How Much Prosody Can You Learn from Twenty Utterances?

  • Eric Keller
  • Brigitte Zellner Keller


It was examined how much speech material is required to build a prosodic model for duration, fundamental frequency and intensity. For each of two speakers, fifty multiple linear regression models were built on the basis of seventy utterances per speaker (7'522 and 7'643 segments respectively). Models based on eight and twenty utterances showed good stability, satisfactory prediction for novel material, as well as closeness of fits comparable to those reported by other researchers for much larger corpora. Linear regressions were typically based on about ten independent predictors per prosodic parameter, which had previously been ranked according to their prediction of the dependent parameter. This ranking procedure advantageously replaced more commonly used regression trees. Variation in the closeness of fit of models based on sliding windows eight and twenty utterances long were traced to variations in bias, i.e., in the degree to which models systematically under- or overestimate target values.
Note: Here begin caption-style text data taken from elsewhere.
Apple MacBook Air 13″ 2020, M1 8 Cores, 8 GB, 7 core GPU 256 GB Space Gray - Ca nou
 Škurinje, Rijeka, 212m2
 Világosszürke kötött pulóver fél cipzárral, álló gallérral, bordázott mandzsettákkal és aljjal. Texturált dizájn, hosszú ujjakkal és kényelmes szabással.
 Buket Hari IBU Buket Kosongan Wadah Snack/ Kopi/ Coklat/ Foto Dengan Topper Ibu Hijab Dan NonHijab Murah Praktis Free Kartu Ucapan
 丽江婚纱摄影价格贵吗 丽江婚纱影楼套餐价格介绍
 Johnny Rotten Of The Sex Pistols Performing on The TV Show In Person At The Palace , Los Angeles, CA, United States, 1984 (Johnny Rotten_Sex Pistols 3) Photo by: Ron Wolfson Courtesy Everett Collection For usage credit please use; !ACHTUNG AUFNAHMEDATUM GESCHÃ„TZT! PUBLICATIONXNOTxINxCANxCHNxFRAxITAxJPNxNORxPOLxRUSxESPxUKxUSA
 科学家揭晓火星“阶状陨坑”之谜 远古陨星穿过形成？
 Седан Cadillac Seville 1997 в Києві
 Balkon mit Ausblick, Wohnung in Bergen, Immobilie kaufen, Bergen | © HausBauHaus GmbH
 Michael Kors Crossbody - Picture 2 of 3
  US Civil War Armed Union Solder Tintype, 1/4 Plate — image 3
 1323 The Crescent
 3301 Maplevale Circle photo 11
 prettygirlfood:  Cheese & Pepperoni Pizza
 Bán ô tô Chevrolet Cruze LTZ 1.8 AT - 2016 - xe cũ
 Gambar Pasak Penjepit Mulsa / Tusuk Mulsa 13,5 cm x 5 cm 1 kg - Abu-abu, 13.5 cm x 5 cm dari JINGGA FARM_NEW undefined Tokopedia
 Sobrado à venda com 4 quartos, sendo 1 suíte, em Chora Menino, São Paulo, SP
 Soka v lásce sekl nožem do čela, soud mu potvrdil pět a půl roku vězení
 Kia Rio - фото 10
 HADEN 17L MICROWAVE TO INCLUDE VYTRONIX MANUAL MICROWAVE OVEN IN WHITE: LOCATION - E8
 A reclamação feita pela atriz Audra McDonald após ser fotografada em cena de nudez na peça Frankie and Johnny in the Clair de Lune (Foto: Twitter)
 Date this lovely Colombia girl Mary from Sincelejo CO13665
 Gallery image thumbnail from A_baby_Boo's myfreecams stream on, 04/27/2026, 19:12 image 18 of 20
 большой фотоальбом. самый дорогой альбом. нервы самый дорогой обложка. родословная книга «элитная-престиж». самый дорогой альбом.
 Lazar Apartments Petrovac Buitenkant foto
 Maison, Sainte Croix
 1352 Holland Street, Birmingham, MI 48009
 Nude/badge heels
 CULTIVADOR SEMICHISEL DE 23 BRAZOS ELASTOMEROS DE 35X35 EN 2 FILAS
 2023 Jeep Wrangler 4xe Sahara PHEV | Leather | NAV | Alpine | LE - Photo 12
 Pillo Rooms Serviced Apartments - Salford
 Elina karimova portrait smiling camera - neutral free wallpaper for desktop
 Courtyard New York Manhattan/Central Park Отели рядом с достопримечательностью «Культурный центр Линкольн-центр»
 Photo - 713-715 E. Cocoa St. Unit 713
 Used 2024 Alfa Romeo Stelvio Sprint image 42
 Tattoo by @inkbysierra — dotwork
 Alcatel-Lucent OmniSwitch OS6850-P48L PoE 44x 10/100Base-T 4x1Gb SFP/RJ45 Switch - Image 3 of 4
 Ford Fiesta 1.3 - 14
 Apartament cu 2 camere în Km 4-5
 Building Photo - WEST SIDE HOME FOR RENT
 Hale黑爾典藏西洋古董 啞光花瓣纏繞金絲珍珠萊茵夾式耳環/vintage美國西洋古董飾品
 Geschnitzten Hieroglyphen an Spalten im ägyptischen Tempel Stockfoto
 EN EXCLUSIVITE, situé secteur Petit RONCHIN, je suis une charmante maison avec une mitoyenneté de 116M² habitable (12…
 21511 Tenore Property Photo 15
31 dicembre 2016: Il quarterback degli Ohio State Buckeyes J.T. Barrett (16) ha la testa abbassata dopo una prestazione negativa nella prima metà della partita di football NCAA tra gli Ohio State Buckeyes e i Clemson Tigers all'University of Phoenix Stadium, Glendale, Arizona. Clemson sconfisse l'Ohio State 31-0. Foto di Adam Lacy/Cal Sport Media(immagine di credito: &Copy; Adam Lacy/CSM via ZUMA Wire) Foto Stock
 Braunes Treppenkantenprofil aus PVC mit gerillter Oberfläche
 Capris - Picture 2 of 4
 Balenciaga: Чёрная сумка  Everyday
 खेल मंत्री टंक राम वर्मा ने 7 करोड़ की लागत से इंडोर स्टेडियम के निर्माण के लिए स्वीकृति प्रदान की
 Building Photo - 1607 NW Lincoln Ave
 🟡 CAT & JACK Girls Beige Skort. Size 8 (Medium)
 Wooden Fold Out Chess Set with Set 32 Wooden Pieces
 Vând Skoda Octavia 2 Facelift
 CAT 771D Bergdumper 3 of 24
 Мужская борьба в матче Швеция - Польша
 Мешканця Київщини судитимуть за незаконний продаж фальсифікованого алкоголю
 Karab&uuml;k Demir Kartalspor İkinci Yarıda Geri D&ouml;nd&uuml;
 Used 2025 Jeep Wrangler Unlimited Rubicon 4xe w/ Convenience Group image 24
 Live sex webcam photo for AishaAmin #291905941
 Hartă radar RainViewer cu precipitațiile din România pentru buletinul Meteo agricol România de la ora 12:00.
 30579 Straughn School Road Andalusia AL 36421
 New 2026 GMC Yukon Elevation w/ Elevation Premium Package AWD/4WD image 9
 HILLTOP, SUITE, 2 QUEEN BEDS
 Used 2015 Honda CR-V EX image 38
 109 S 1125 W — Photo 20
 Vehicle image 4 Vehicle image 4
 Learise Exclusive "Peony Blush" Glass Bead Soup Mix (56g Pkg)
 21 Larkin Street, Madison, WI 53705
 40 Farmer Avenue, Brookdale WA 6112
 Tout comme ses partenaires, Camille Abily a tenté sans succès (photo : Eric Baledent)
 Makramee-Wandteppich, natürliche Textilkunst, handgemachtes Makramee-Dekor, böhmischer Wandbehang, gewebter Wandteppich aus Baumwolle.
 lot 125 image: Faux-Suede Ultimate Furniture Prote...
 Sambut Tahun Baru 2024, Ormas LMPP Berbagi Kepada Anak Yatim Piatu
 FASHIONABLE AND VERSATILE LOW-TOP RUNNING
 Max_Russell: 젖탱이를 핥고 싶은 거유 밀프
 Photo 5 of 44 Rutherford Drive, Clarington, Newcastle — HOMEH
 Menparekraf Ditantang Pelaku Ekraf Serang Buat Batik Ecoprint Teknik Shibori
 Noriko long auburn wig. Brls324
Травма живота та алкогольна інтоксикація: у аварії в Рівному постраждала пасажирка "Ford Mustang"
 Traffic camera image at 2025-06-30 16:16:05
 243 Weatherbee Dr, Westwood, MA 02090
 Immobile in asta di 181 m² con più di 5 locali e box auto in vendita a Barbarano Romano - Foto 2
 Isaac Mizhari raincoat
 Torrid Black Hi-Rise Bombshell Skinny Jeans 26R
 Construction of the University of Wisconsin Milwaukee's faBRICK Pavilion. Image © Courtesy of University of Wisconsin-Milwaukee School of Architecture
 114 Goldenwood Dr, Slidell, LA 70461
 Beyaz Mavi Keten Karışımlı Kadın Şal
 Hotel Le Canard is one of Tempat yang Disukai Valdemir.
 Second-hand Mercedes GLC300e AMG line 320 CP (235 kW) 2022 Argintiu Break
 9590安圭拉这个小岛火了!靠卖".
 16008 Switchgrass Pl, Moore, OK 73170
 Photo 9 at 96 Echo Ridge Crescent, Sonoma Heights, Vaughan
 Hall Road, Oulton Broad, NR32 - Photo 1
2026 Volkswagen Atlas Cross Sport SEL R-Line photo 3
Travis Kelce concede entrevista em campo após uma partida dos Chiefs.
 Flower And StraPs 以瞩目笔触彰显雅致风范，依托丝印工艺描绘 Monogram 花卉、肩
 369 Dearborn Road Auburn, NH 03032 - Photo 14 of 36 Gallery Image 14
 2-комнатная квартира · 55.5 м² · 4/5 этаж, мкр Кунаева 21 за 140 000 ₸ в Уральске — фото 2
While the models in this study involved simple, non-optimized linear regressions without interactions, avenues are suggested for further improving the performance of this class of models. The results of this study suggest that a series of well-adapted small-footprint models provide more accurate information about the individual use of prosody in specific speech situations than a single model based on abundant data.
Keller, E., & Zellner Keller, B. (2013). How Much Prosody Can You Learn from Twenty Utterances?. Linguistik Online, 17(5).